There is no gainsaying the fact that water is life. It is water, through rainfall that gives life to crops which makes agriculture thrive and makes for food security. Indeed, the importance of water cannot be over emphasized. But when rainfall translates to flood, it becomes destructive and uncontrollable leaving in its wake devastation that cannot be replaced.

In Nigeria, the menace of flood has become a recurring decimal and a matter deserving government's declaration of a state of emergency.

Causes of flood are caused by a number of factors such as blocked sewage systems or non-adherence to building plans. In some cases, a total lack of planning, negligence and government insensitivity contribute a great deal to this avoidable disaster.

In most cases, government rushes to the scene of disaster with relief materials, while survivors are relocated into one refugee camp or another. However, it would be expected that government ought to be more proactive than reactive.

For instance, penultimate Sunday, Gangare, Tudun-Osi. Anguwan Rogo, Rikkos Jenta Mangoro, Angwan Rukuba and Kwanan Shagari, all in Jos North local government council of Plateau state, North Central , Nigeria woke up to a deadly flood that wreaked havoc in their communities.

The ravaging flood left over 40 people dead just as hundreds of houses were reduced to rubble with scores also missing.

When LEADERSHIP WEEKEND visited some of the affected communities, it was discovered that most of the houses were built on the water ways while some of the drainages were completely blocked. The foundations of some of them were also discovered to be weak even as people built in contravention of housing plans.

A survivor, Abdulrahed Haruna, an owner of a provision shop, recounted how he saw people swept away by the flood but was helpless. He narrated that his shop was covered with water leading to the collapse of the building. All the goods in his shop were also swept away by the rampaging flood.

Another survivor, Ibrahim Abdullahi Abubakar who lost his neighbour and all his family members, also said the flood destroyed his twelve- room apartment. He also disclosed that in his area alone, over 25 people, including women and children, were lost to the flood.

Similarly, Kabiru Faisal, 15, said he lost his mother and five brothers to the flood and survived it with his father because they went for Ramadan Tafsir when the rain started and could not return home.

Ibrahim Hassan who was not at home when the incident occurred, said he received a phone call that his house was submerged by water and his children were swept away by water. Till date, he has not seen his two children.

Also recounting his ordeal, another survivor, Sani Maitukuyan, said he lost his shop to the flood, as well as his 80- year-old mother who was swept away- her corpse wass yet to be recovered.

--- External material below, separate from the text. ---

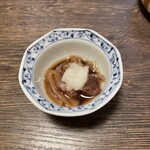 鮨 つどい -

Speaking to LEADERSHIP WEEKEND, head of rescue operation, Jamatul Nasril Islam[JNI]Umar Shuaibu said about 30 corpses were discovered and buried adding that one person lost 8 members of his family to the disaster.

He said the flood destroyed 323 houses while over 1,532 displaced people were scattered across the two refugee camps in Rikkos and Gangare.

He noted that the national emergency management agency responded swiftly and provided the victims with relief materials such as drugs, food stuff, blankets, mattresses and other essentials of life.

Meanwhile, 65 cases of cholera have been reported in the two camps.

Abuja, the federal capital territory has not been spared in the orgy of flood. Three weeks ago, the senator representing the FCT, Senator Philip Aduda lost his special assistant to a flood in Karu area of the federal capital territory.

In Lagos today, many do not seem to consider the rainy season a period of blessing anymore because the windstorms that come with the rain and the floods that ensue afterwards, normally lead to loss of lives, homes and belongings.

For instance would the relatives of Ahmed Shotunminu who died as a result of the rainstorm that raged between the night of last Wednesday and Thursday consider it a blessing? Certainly not.

As the storm raged, the debris from two collapsed structures fell onto the adjoining storey building. In one of the rooms was a 22-year old carpenter who was sleeping alongside his friend, Biola Adesanya on the same bed.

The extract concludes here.